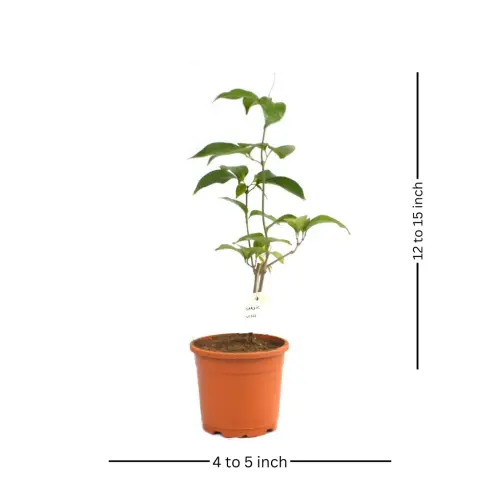 garlicvine 1024x.webp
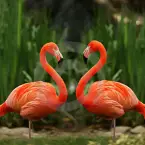 Flamingos em Coração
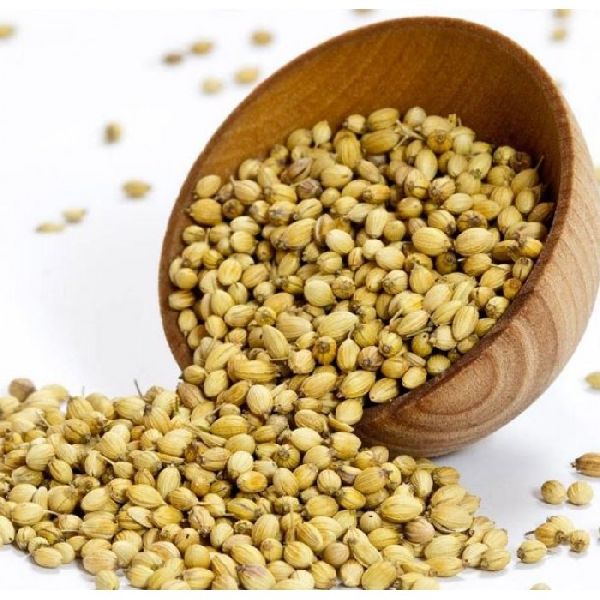 Organic coriander seeds, for Cooking, Packaging Type : Plastic Packets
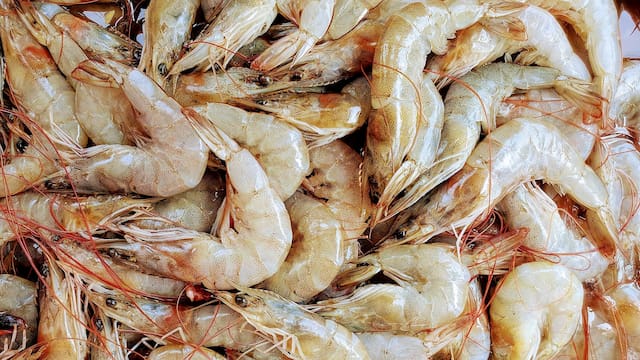 Científicos lo confirman | Hallan restos de cocaína, ketamina y otras drogas duras en todos los camarones analizados en ríos de esta potencia mundial europea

=-=-=

→ Task statement
Copy the data above word for word. Pictures stay out.

→ Response for this exercise
 garlicvine 1024x.webp
 Flamingos em Coração
 Organic coriander seeds, for Cooking, Packaging Type : Plastic Packets
 Científicos lo confirman | Hallan restos de cocaína, ketamina y otras drogas duras en todos los camarones analizados en ríos de esta potencia mundial europea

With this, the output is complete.